By Nicole Breskin
DNAinfo Reporter/Producer
GREENWICH VILLAGE — Hundreds of people angry that an urgent care facility replacing St. Vincent’s Hospital may not be housed at the hospital's Greenwich Village site demanded Monday that an emergency room be opened there instead.
The community members vented their frustration to Mark Solazzo, chief operating office of North Shore-LIJ, the organization that will run the urgent care facility. Solazzo met with the group at the Little Red School House Monday night to update them on the status of plans for the facility, which will treat people for minor injuries and illnesses.
Eileen Dunn, who had worked at St. Vincent's for 24 years and is president of the local chapter of the New York State Nurses Association, said the community had expected an urgent care center to open immediately.
“We thought it was going to happen there, right away. Here we are and there’s still nothing," Dunn said.
“It fuels the frustration,” she added. “We don’t want urgent care, what we need is a hospital.”
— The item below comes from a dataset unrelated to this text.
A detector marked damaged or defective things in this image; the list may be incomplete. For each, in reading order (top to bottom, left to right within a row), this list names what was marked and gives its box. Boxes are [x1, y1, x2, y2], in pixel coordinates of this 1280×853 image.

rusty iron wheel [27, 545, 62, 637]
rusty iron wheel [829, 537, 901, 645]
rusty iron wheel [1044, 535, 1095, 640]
Civil rights activist Yetta Kurland, who has gathered 2,500 signatures in support her group, Coalition for a New Village Hospital, agreed that an urgent care facility may not be enough for the community.
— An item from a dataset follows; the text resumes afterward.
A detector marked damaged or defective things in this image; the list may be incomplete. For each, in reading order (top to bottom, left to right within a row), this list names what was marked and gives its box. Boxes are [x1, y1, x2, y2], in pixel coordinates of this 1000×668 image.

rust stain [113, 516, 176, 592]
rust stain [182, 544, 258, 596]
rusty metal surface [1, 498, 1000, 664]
“God help us if we don’t even know what’s going on with the urgent care center,” she said. “We didn’t know what was happening with St. Vincent’s and it collapsed in a matter of days in a way that was so shocking to the moral consciousness of anyone who knows the importance of public health care to the community."
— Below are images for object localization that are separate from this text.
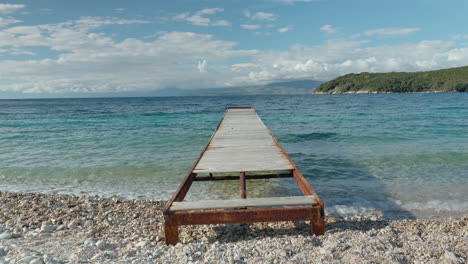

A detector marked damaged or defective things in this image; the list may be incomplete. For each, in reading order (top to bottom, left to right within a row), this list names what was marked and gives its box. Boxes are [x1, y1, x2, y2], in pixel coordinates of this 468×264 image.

rusty metal frame [163, 106, 324, 244]
rusty metal leg [308, 207, 324, 236]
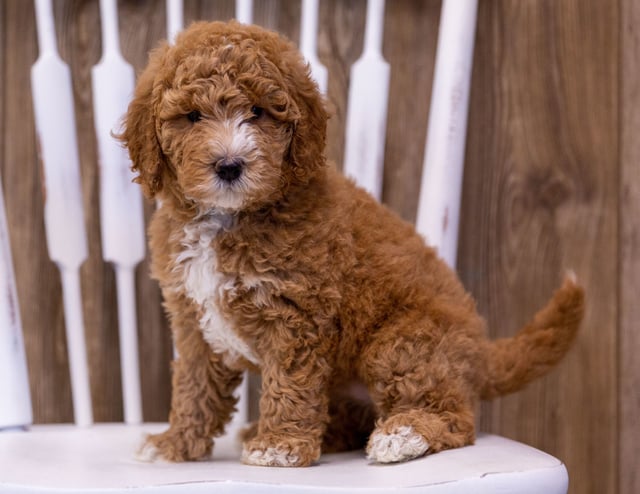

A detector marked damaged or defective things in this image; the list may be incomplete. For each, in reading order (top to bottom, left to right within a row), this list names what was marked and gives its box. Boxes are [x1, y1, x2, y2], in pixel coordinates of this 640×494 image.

chipped white paint [174, 214, 258, 364]
chipped white paint [364, 424, 430, 464]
Terry Lynam, a vice president at North Shore-LIJ, said that the organization was only contracted by the state to provide an urgent care center and plans for any additional health services, such as a fully-functional emergency room, would have to go back through the state.
The urgent care center is slated to open in September on a temporary basis at the West 12th Street location for St. Vincent's. A long-term site has yet to be found.